Avec la montée concomitante des extrêmes en Israël et dans le monde arabe, la Shoah s’est trouvée au cœur de deux discours qui s’affrontent.
Au regard des faits, on ne peut accepter la thèse selon laquelle tous les Arabes auraient adhéré au nazisme et à sa politique antisémite, ni qu’ils se seraient rangés comme un seul homme derrière le Mufti Al Husseini devenu hitlérien. Même s’il est parvenu, à un certain moment, à mobiliser de nombreux partisans, on ne peut pas non plus continuer à affirmer que le Mufti fut le héros des peuples arabes. L’Israélien Zvi Elpeleg note qu’à sa mort, en 1974, son souvenir avait disparu de la conscience palestinienne : « Aucun jour de deuil ne fut décrété en sa mémoire… son nom ne fut donné à aucune rue… aucun mémorial ne fut construit en son honneur ». N’était-il pas le symbole de la défaite ?

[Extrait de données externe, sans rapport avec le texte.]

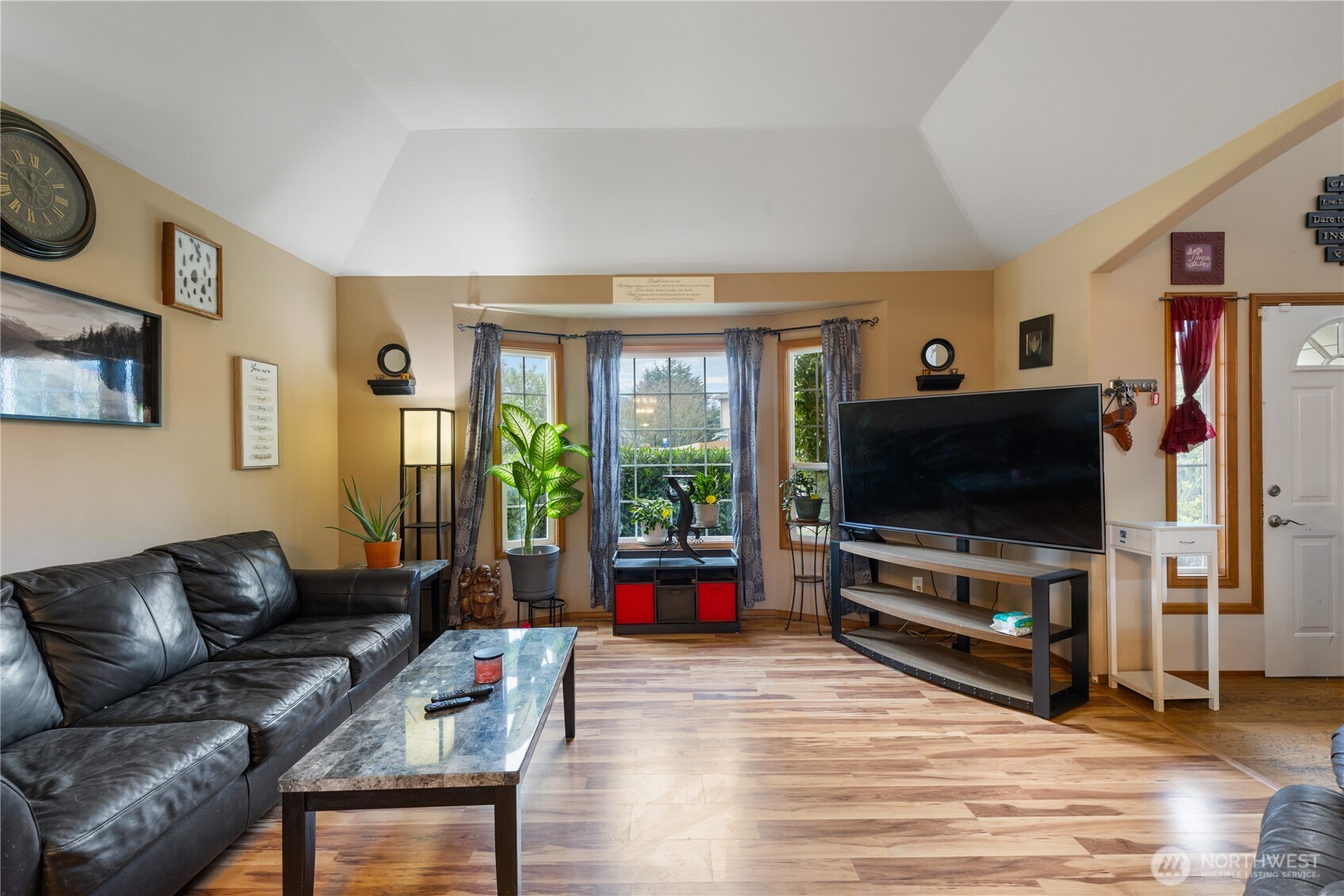 550 Southwest Muzzall Street Oak Harbor, WA 98277 - Photo 12 of 27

En revanche, les sionistes n’ont pas manqué de tirer argument de l’antisémitisme d’Al Husseini et de sa collaboration avec Hitler pour noircir l’image des Arabes. Le spectre du Mufti est aujourd’hui encore brandi par la doxa officielle en Israël : il est en bonne place à Yad Vashem, le mémorial de la Shoah à Jérusalem. Le mur qui lui y est réservé, explique un autre Israélien Tom Segev, vise à persuader le visiteur que la volonté des nazis d’exterminer les Juifs et l’hostilité arabe à Israël ont des points communs. De même, dans l’Encyclopedia of the Holocaust, publié avec le concours de Yad Vashem, l’article consacré au Mufti est beaucoup plus long que ceux dédiés aux principaux responsables nazis tels que Goebbels, Himmler, Eichmann, etc.